INFORMATION GIVEN: Begin

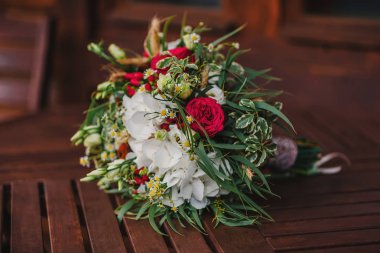 rustik tarzda buket düğün ahşap üzerinde yatıyor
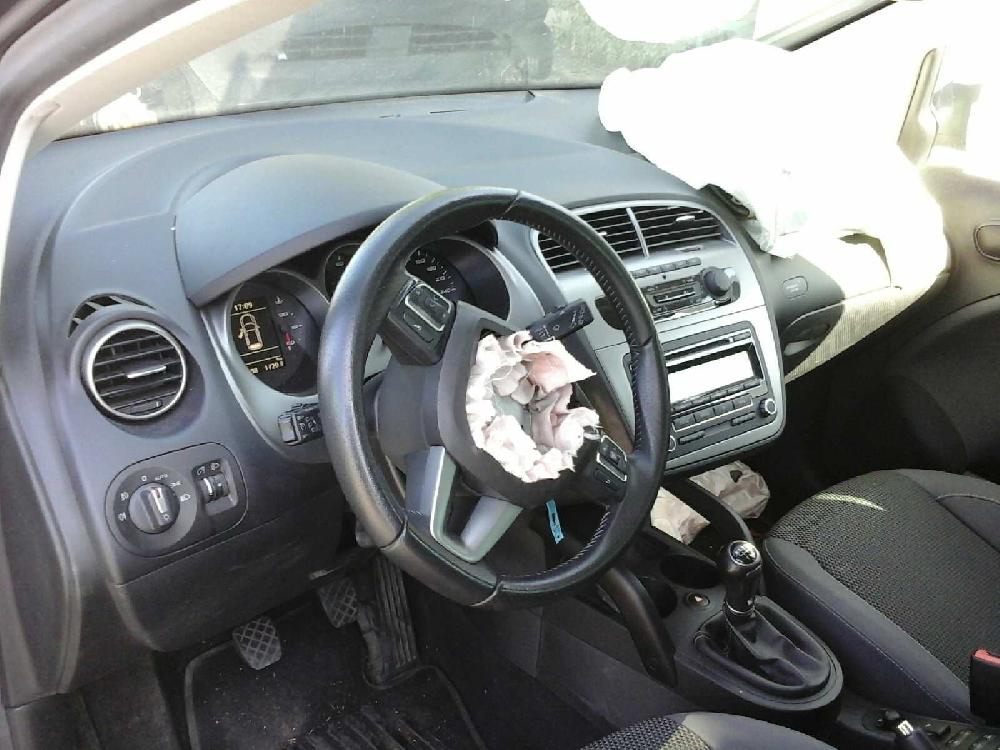 SEAT Toledo 3 generation (2004-2010) Aušinimo radiatorius 1K0121253BB 23625710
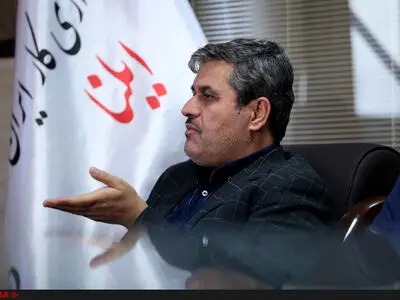 در غیاب افراد شایسته در انتخابات، پول جایگزین می‌شود/ ابطال رای مردم بدعت نادرستی است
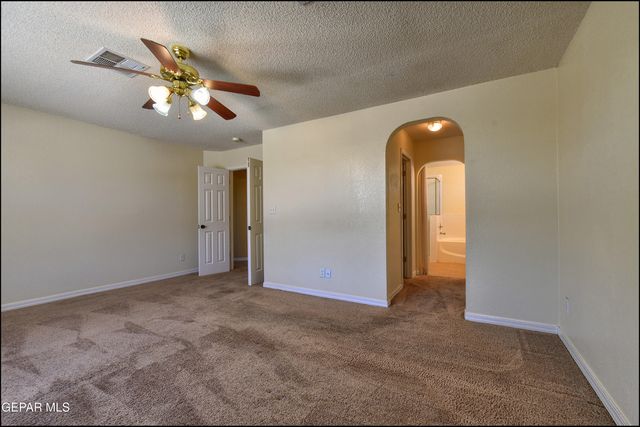 4376 LOMA TAURINA Drive, El Paso, TX 79934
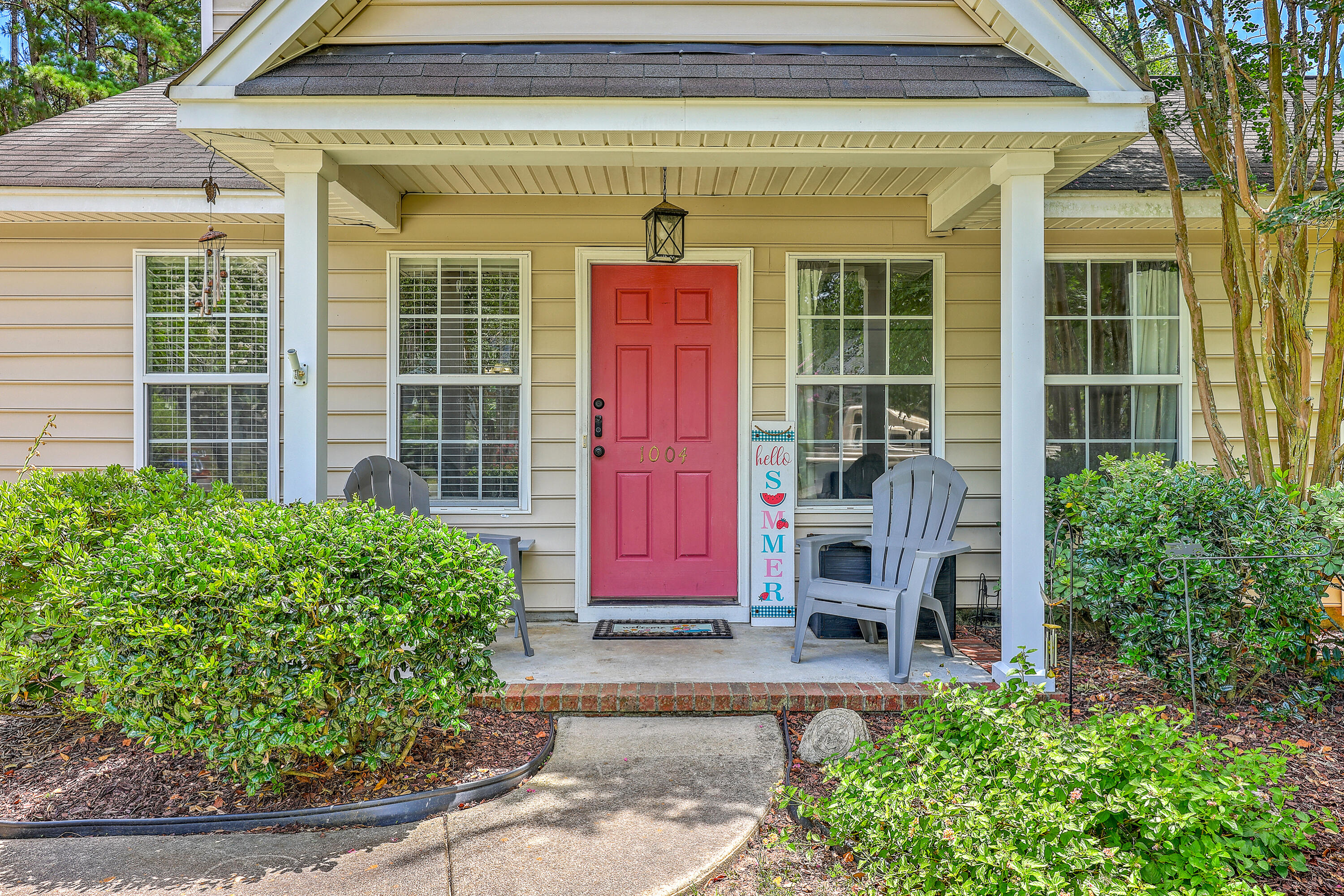 Property image 3 of 1004 Providence Way in Providence Place, Summerville, SC 29483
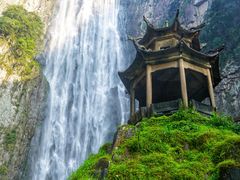 -刘伯温故里景区百丈漈
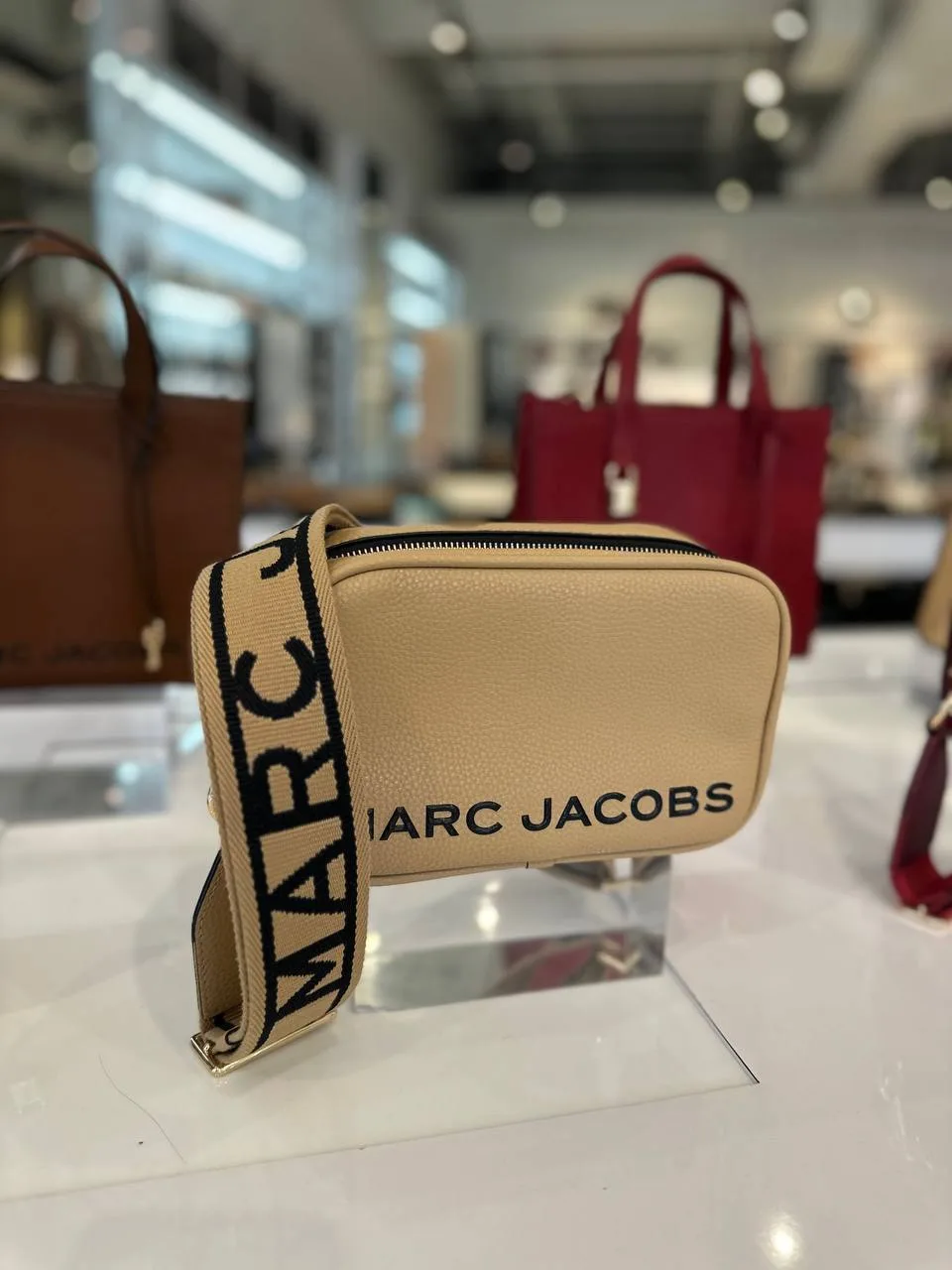 Marc Jacobs 🇺🇸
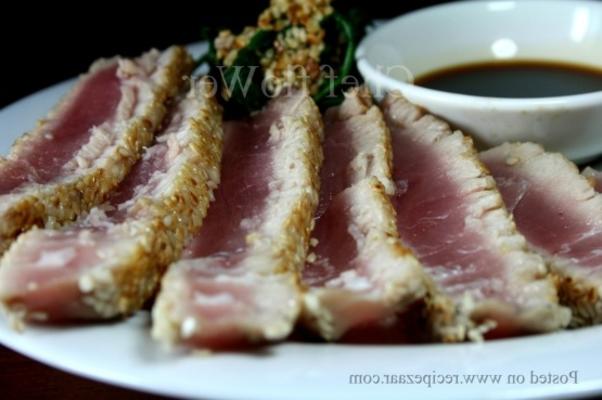sesamkorst tonijn met Japanse onderdompelende saus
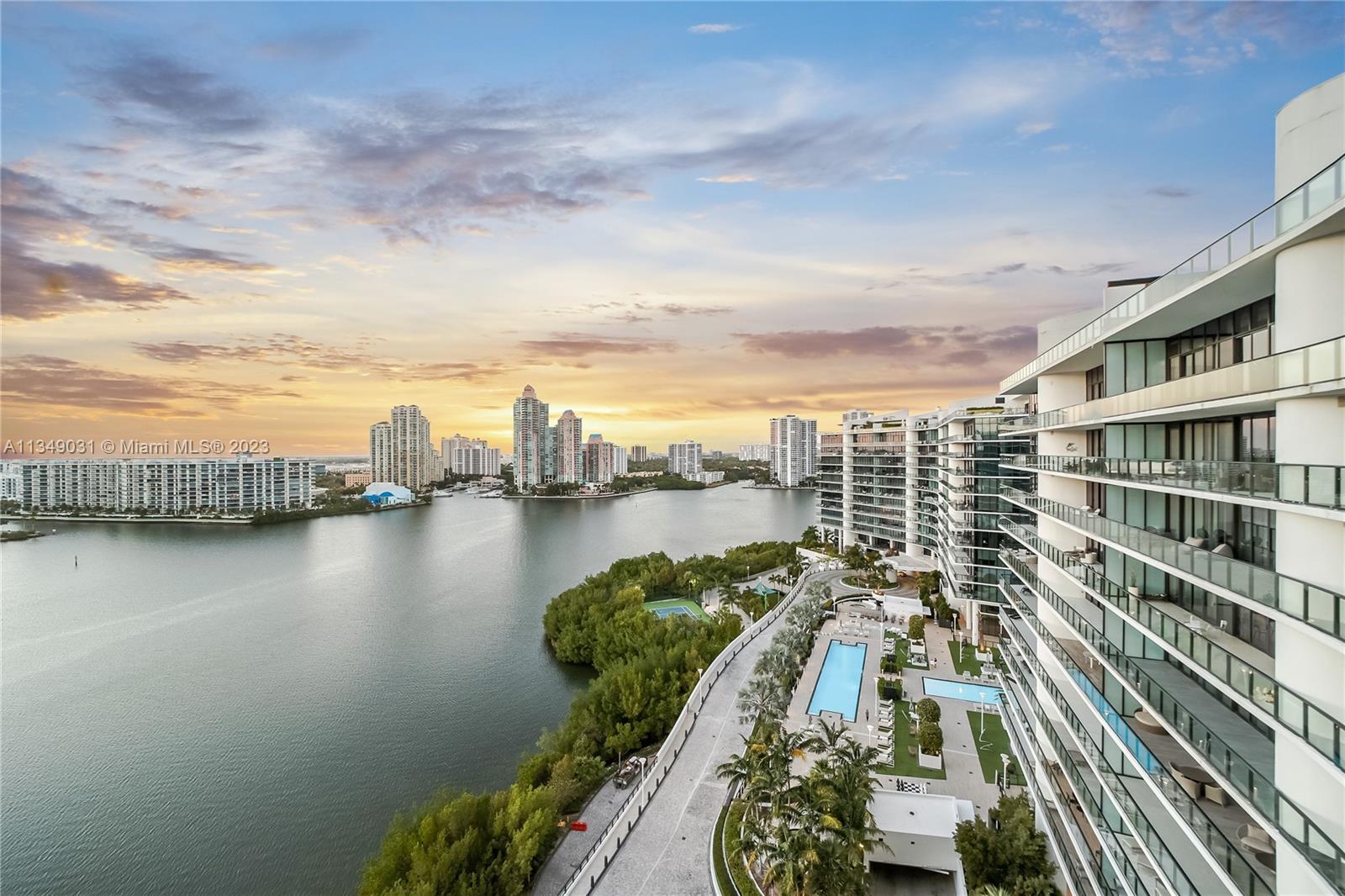 PRIVE CONDO - Residential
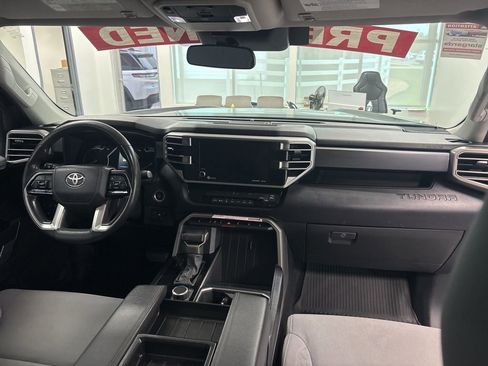 Used 2022 Toyota Tundra SR5 RWD image 12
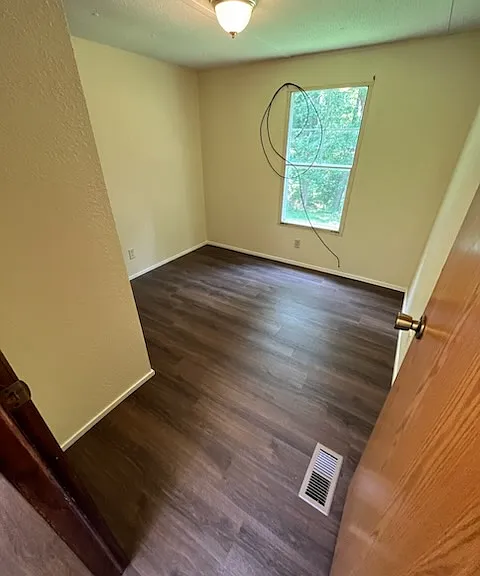 113 Deer Track Ln — Photo 10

INFORMATION GIVEN: End

## EXERCISE DIRECTIONS
Write out a verbatim copy of the lines from the line that contains "4376 LOMA TAURINA Drive, El Paso, TX 79934" through the end of the entries above; pictures are not copied.

## WRITTEN SOLUTION
 4376 LOMA TAURINA Drive, El Paso, TX 79934
 Property image 3 of 1004 Providence Way in Providence Place, Summerville, SC 29483
 -刘伯温故里景区百丈漈
 Marc Jacobs 🇺🇸
sesamkorst tonijn met Japanse onderdompelende saus
 PRIVE CONDO - Residential
 Used 2022 Toyota Tundra SR5 RWD image 12
 113 Deer Track Ln — Photo 10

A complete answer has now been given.